5. Conformément au Statut du TPIY, le Tribunal international est habilité à poursuivre des personnes accusées d’avoir commis des infractions graves aux conventions de Genève de 1949 et à intenter à leur encontre des poursuites pour violations des lois ou coutumes de la guerre, génocide, ou crimes contre l’humanité. Exception faite de la commission d’un génocide, le Procureur est tenu d’établir qu’un conflit armé existait au moment où les crimes relevant de la compétence du Tribunal international ont été perpétrés (en cas d’infractions graves aux Conventions de Genève, le Procureur doit établir l’existence d’un conflit armé international). « Un conflit armé existe chaque fois qu'il y a recours à la force armée entre États ou un conflit armé prolongé entre les autorités gouvernementales et des groupes armés organisés ou entre de tels groupes au sein d'un État. Le droit international humanitaire s'applique dès l'ouverture de ces conflits armés et s'étend au-delà de la cessation des hostilités jusqu'à la conclusion générale de la paix ; ou, dans le cas de conflits internes, jusqu'à ce qu'un règlement pacifique soit atteint », a déclaré la Chambre d’appel dans le cadre du procès de Duško Tadić. La Chambre a également conclu que pour qu’un crime relève de la compétence du TPIY, « un lien suffisant doit être établi entre l’infraction présumée et le conflit armé, donnant lieu àl’applicabilité du droit international humanitaire ». Comme il est difficile de préjuger de la question de la compétence du Tribunal, le Bureau du Procureur continuera à examiner les fondements factuels et juridiques susceptibles d’établir des liens entre les infractions et le conflit armé au Kosovo. L’on ne saurait toutefois ignorer les limites de cette compétence ; il faut en tenir compte, tout en adoptant une stratégie des poursuites qui permette d’enquêter comme il se doit sur les principaux responsables des crimes et sur les auteurs de crimes particulièrement graves ou de violences sexuelles, perpétrés dans le cadre du conflit armé. Le Procureur doit également faire preuve de réalisme dans l’évaluation des ressources dont il dispose pour mener à bien son mandat conformément au Statut du TPIY.

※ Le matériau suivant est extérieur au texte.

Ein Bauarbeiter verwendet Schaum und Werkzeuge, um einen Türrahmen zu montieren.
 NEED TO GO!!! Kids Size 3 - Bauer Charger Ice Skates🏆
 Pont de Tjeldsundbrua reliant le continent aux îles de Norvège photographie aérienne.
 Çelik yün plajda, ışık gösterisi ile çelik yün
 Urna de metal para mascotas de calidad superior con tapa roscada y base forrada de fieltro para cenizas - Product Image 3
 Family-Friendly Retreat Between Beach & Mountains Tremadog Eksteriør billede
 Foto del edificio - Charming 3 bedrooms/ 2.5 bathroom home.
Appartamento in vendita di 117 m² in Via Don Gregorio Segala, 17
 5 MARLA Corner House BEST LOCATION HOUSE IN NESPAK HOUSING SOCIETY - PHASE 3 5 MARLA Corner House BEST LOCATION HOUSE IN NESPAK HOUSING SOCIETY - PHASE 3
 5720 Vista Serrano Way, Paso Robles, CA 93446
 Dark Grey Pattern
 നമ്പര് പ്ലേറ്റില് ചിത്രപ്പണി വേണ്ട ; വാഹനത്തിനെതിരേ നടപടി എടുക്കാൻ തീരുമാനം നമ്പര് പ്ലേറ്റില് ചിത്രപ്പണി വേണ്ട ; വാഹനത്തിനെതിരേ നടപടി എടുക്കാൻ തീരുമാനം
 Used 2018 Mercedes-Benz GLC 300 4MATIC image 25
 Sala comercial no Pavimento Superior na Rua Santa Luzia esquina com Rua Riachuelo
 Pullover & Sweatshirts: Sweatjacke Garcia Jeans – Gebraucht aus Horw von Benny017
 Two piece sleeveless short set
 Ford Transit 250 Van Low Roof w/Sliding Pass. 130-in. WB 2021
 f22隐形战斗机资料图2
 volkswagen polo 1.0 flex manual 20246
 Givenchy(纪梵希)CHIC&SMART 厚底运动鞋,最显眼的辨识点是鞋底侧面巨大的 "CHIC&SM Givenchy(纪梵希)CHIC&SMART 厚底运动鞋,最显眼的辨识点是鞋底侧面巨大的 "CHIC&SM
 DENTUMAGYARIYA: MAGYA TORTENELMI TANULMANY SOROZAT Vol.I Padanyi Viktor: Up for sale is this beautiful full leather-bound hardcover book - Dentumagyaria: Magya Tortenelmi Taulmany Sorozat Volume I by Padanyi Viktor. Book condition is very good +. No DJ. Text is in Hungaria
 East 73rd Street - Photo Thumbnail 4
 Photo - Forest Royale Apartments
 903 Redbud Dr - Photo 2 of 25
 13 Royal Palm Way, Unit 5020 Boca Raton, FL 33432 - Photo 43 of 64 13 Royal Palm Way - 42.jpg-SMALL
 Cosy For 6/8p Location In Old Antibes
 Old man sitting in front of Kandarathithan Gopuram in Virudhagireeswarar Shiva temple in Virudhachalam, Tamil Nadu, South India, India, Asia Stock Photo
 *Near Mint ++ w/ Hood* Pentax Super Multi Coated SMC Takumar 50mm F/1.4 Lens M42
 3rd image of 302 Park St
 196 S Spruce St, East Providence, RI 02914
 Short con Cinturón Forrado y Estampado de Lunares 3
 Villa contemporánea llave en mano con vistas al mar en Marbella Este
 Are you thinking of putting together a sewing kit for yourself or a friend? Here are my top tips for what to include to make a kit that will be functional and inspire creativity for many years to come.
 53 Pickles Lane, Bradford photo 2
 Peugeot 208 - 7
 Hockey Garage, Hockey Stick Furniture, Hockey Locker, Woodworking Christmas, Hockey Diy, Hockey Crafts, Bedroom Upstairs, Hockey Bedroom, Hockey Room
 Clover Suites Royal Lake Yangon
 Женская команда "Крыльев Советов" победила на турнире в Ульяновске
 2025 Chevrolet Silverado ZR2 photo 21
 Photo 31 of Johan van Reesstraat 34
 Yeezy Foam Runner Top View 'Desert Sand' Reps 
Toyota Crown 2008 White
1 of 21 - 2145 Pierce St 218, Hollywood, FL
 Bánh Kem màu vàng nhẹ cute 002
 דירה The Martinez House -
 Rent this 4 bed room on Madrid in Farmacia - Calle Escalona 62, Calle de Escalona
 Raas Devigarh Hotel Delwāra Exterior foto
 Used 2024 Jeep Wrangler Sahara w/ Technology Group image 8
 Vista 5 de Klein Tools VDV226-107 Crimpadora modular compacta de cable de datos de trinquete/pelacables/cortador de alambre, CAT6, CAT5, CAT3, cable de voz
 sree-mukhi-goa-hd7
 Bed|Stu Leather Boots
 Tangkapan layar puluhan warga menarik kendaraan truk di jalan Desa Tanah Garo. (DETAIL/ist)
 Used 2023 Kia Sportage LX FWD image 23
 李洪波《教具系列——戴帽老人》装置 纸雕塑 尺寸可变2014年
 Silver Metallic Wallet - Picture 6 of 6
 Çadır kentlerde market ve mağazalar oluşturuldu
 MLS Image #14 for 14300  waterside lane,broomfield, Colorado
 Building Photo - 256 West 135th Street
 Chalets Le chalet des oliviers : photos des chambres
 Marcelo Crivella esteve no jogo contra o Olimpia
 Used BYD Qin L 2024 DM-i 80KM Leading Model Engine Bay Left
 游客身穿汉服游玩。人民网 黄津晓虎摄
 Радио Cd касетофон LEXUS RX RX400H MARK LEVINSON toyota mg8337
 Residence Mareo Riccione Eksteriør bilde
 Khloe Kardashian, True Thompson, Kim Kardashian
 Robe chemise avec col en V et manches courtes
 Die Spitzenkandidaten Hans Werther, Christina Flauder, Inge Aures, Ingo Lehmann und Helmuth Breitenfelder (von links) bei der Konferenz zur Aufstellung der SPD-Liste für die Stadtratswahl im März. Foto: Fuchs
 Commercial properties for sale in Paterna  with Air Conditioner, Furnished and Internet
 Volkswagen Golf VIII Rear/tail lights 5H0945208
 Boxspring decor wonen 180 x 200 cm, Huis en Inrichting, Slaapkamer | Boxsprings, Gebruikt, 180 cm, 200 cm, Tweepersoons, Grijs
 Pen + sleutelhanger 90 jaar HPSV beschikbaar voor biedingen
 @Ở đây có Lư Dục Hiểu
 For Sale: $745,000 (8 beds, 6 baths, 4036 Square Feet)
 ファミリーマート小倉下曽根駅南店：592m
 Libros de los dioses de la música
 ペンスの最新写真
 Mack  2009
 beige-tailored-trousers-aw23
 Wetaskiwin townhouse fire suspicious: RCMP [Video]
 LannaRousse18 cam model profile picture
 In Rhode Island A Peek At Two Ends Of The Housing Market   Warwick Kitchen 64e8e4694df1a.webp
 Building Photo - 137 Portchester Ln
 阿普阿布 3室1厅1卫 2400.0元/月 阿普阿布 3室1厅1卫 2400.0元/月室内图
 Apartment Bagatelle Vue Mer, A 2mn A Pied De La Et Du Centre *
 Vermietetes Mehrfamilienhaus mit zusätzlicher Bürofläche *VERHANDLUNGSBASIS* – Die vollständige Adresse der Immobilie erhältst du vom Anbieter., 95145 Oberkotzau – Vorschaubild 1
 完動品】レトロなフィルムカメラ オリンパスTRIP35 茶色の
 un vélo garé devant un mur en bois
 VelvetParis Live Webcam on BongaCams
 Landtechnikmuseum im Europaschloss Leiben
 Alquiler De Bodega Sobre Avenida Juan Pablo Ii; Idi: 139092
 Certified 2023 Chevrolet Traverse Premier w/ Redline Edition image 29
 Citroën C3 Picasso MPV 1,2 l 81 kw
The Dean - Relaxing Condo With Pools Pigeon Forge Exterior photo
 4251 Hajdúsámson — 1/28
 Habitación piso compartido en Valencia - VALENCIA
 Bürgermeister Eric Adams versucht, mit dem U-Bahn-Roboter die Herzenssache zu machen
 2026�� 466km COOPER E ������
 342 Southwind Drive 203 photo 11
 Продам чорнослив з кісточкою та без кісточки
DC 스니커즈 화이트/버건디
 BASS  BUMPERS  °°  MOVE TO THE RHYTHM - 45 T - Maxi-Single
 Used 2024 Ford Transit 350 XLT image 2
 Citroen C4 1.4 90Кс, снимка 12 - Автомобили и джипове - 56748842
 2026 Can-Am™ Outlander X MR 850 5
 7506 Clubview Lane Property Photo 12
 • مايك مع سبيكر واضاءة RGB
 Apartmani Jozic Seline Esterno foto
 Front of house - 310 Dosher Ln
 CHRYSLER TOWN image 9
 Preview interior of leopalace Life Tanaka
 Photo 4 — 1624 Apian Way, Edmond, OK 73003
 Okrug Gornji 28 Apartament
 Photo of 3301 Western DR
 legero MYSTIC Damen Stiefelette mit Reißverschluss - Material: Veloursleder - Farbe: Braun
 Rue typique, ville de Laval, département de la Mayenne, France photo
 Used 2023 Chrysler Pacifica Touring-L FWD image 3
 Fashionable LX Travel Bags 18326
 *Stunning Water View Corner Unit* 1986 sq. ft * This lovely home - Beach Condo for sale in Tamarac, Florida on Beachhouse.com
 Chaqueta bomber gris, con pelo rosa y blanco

6. À la lumière de ce qui précède, il est clair que le Bureau du Procureur du TPIY n’a ni le mandat, ni les ressources nécessaires pour être le principal organe chargé d’enquêter sur la totalité des actes criminels commis sur le territoire du Kosovo et de poursuivre les auteurs de ces crimes. Les enquêtes et les poursuites qui n’entrent pas dans le cadre de la compétence statutaire décrite plus haut, relèvent en réalité de la compétence de la MINUK, qui intervient par l’intermédiaire de l’UNCIVPOL et de la police civile nouvellement constituée au Kosovo, avec le soutien de la KFOR. Pour que le TPIY et ces agences opèrent au sein de leurs propres sphères, il sera utile que ces dernières continuent à coopérer efficacement avec le Bureau du Procureur. Cela devrait permettre au Procureur de rester informé de la nature et de l’avancée des enquêtes menées par la MINUK (via l’UNCIVPOL et la police civile) avec l’aide de la KFOR, sur des questions ayant potentiellement trait à des crimes relevant de la compétence du TPIY.

7. Le maintien de la liaison avec le Bureau du Procureur est important, le Conseil de sécurité ayant attribué au Tribunal international et aux juridictions nationales une compétence concurrente pour intenter des poursuites à l’encontre des personnes dont les crimes relèvent du Statut du TPIY. Les autorités judiciaires du Kosovo sont par conséquent compétentes pour juger des crimes relevant de la compétence du Tribunal international. Lorsque les circonstances le justifient, et seulement au cas par cas, le Tribunal international pourra demander aux juridictions nationales de se dessaisir en sa faveur, conformément à son Statut et à son Règlement de procédure et de preuve.

8. Le Procureur exercera son mandat de manière vigilante et active, en appliquant ces critères.